- Information provided -
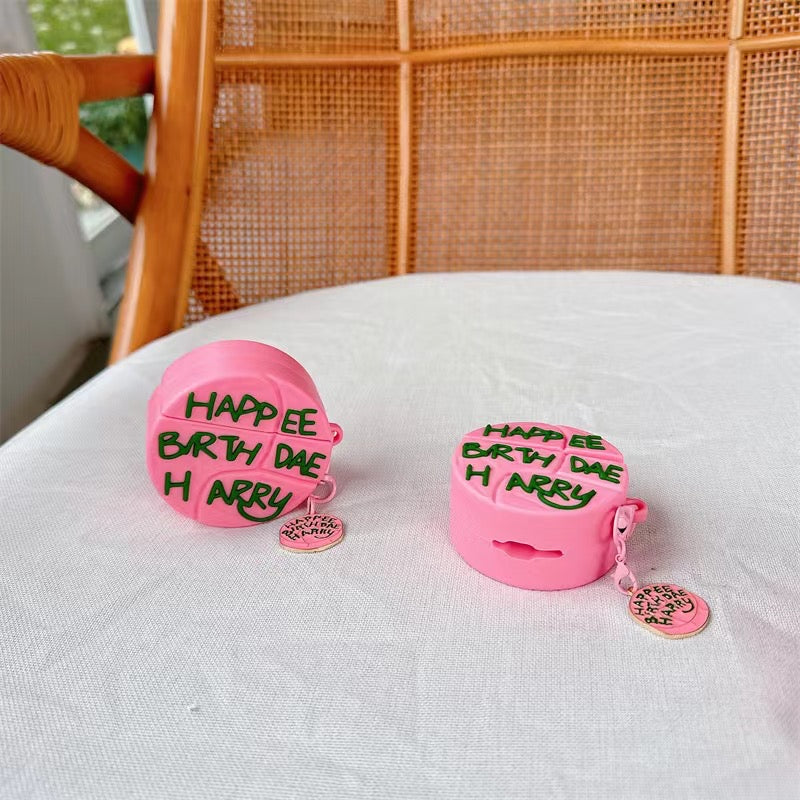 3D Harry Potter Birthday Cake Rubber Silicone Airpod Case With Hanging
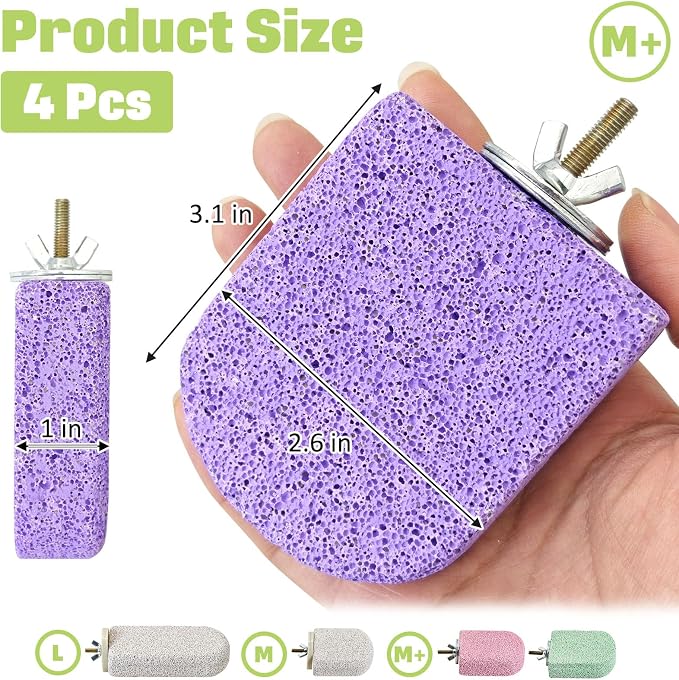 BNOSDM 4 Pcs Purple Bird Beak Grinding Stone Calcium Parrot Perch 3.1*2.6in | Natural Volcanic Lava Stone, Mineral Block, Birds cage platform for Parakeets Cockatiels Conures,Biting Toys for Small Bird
...
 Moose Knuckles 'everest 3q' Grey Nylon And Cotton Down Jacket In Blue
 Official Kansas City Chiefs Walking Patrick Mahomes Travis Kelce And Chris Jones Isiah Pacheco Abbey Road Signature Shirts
* * *
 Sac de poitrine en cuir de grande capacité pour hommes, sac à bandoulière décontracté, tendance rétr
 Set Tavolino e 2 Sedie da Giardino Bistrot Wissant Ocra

- Problem statement -
Begin at the line above that has "Moose Knuckles 'everest" and stop after the line that has "Official Kansas City", copying each line exactly and adding nothing else.

- Exercise result -
 Moose Knuckles 'everest 3q' Grey Nylon And Cotton Down Jacket In Blue
 Official Kansas City Chiefs Walking Patrick Mahomes Travis Kelce And Chris Jones Isiah Pacheco Abbey Road Signature Shirts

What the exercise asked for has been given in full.